In an overly materialistic world, we have come to associate the quality of education and knowledge with the materials that a learning environment is built with. We seem incapable of detaching knowledge from brick and mortar. A school has become a social construct, a physical structure that has to be built with the most expensive materials. Our expectation of a school is not what is taught there but rather the physical built quality of the building and the comfort of the environment.
About a decade ago, I came across the story of Sugata Mitra and his ‘hole in the wall’ project. His story is fascinating. It is a story of our capacity to self-organize and learn even from a very young age. A software engineer by profession, Mr Mitra wanted to make education accessible to the underprivileged.

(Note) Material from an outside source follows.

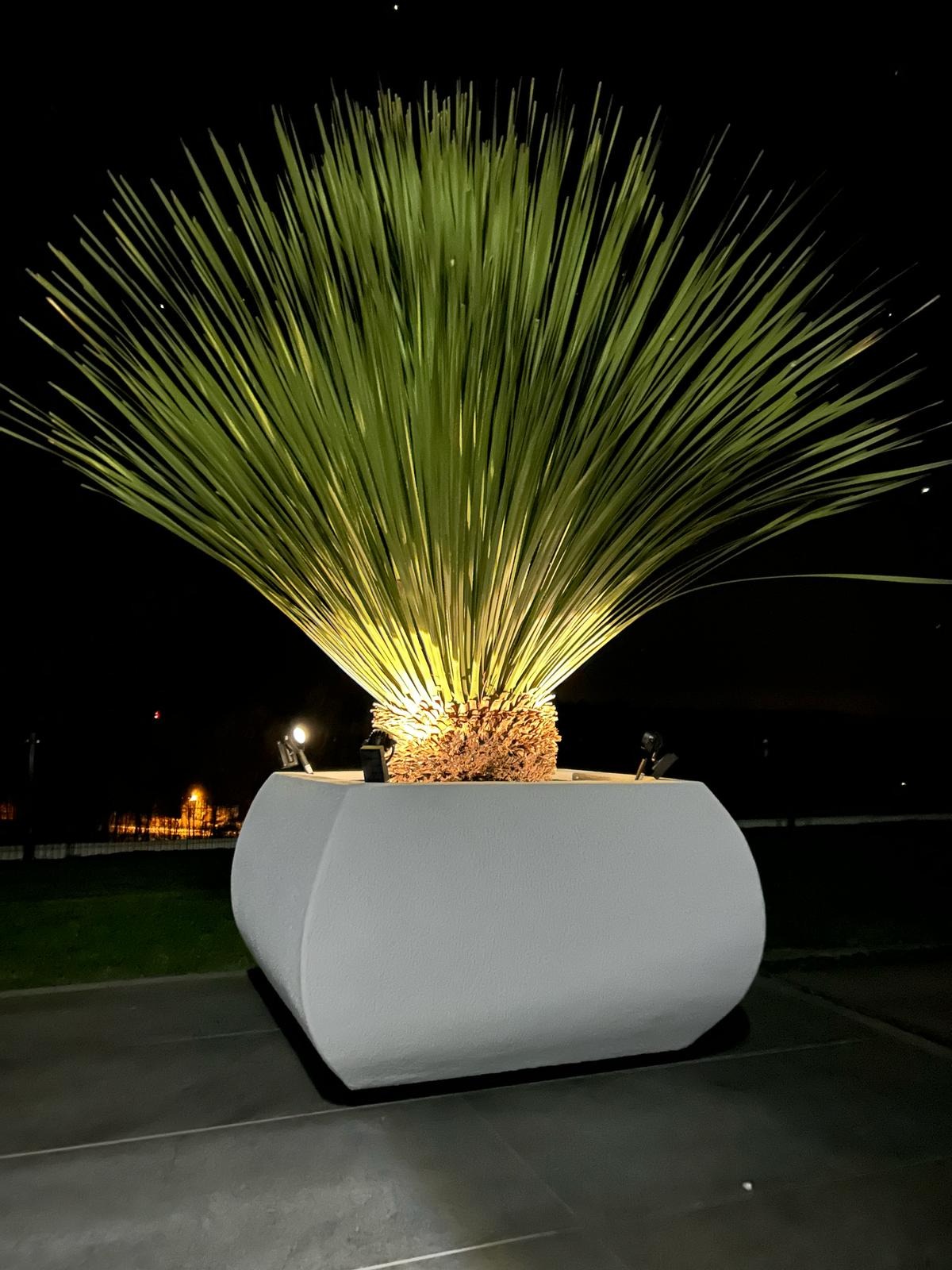 Nowoczesna, biała donica o zaokrąglonym kształcie, oświetlona od dołu, z egzotyczną rośliną o długich, zielonych liściach, na tle nocnego ogrodu.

In this youtube video, he explains how he started thinking that the victorian English education system that the rest of the world adopted in the 20th century standardised education and how he thought that limited human creativity. After the initial experiments, he came up with concepts like Self organized learning environments or SOLEs and the Granny Cloud. These concepts and the school in the cloud turn our conventional ideas about schools on their head.
The late Sir Robinson is another educator who had strong opinions against the systems of schooling we see today. He called for a new paradigm in education and introduced such terms as ‘education’s death valley’ and described schools as places that kill creativity in children. He was perhaps the best TED speaker ever. Here is one of his TED talks where he talks about customizing and personalizing the way we help children in schools.
I recently read the autobiography of Amartya Sen, the Nobel-winning economist and global thinker who recollected details of his childhood and school days in his most recent book ‘Home in the world’. Professor Sen attended the Shantiniketan, but not during the life of Rabindranath Tagore. The description of Shantiniketan and the learning environment during Professor Sen’s time there and before that opens a window into how education was viewed back in those days. It reminded me of the importance of helping each child reach their full potential in life instead of standardising education. Some brave thinkers have tried to demonstrate this through stories and this is a story I came across many years ago and shared on my blog.
Another important lesson I learned from Professor Sen’s book is the myth of colourful academic achievement during childhood equating to success later in life. When Professor Sen won the Nobel Prize for economics in 1998, the principal of his old primary school in Dhaka wanted to honour him during his next visit to Bangladesh and when the principal dug through the old records for Professor Sen’s academic results in primary school, he was surprised to find that those results were very ordinary. He was not a straight-A student. Schools should teach kids how to think rather than what to think. They should be taught life skills, social skills and self-awareness more than anything else.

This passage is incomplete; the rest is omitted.